Jesús no se lo pensó dos veces y respondió recordando unas
palabras que todos los judíos varones repetían diariamente al comienzo y al
final del día: «Escucha, Israel, el Señor, nuestro Dios, es el único Señor.
Amarás al Señor, tu Dios, con todo tu corazón, con toda tu alma, con todo tu
ser». Él mismo había pronunciado aquella mañana estas palabras. A él le
ayudaban a vivir centrado en Dios. Esto era lo primero para él.

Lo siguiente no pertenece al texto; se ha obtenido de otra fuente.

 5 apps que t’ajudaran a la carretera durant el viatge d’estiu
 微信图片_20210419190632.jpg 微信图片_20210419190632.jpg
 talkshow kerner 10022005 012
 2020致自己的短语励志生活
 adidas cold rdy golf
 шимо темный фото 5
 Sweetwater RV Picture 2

Enseguida añadió algo que nadie le había preguntado: «El
segundo mandato es: amarás a tu prójimo como a ti mismo». Nada hay más
importante que estos dos mandamientos. Para Jesús son inseparables. No se puede
amar a Dios y desentenderse del vecino.
A nosotros se nos ocurren muchas preguntas. ¿Qué es amar a
Dios? ¿Cómo se puede amar a alguien a quien no es posible siquiera ver? Al
hablar del amor a Dios, los hebreos no pensaban en los sentimientos que pueden
nacer en nuestro corazón. La fe en Dios no consiste en un «estado de ánimo».

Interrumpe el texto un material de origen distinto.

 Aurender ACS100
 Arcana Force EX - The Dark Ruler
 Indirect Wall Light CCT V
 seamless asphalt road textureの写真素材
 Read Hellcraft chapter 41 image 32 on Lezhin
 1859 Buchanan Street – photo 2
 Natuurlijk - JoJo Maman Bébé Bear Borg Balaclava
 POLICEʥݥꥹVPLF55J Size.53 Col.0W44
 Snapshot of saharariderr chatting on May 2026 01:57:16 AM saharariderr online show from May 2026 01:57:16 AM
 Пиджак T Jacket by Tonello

Amar a Dios es sencillamente centrar la vida en él para vivirlo todo desde su
voluntad.
Por eso añade Jesús el segundo mandamiento. No es posible
amar a Dios y vivir olvidado de gente que sufre y a la que Dios ama tanto. No
hay un «espacio sagrado» en el que podamos «entendernos» a solas con Dios, de
espaldas a los demás. Un amor a Dios que olvida a sus hijos e hijas es una gran
mentira.
La religión cristiana les resulta hoy a no pocos complicada
y difícil de entender. Probablemente necesitamos en la Iglesia un proceso de
concentración en lo esencial para desprendernos de añadidos secundarios y
quedarnos con lo importante: amar a Dios con todas mis fuerzas y querer a los
demás como me quiero a mí mismo.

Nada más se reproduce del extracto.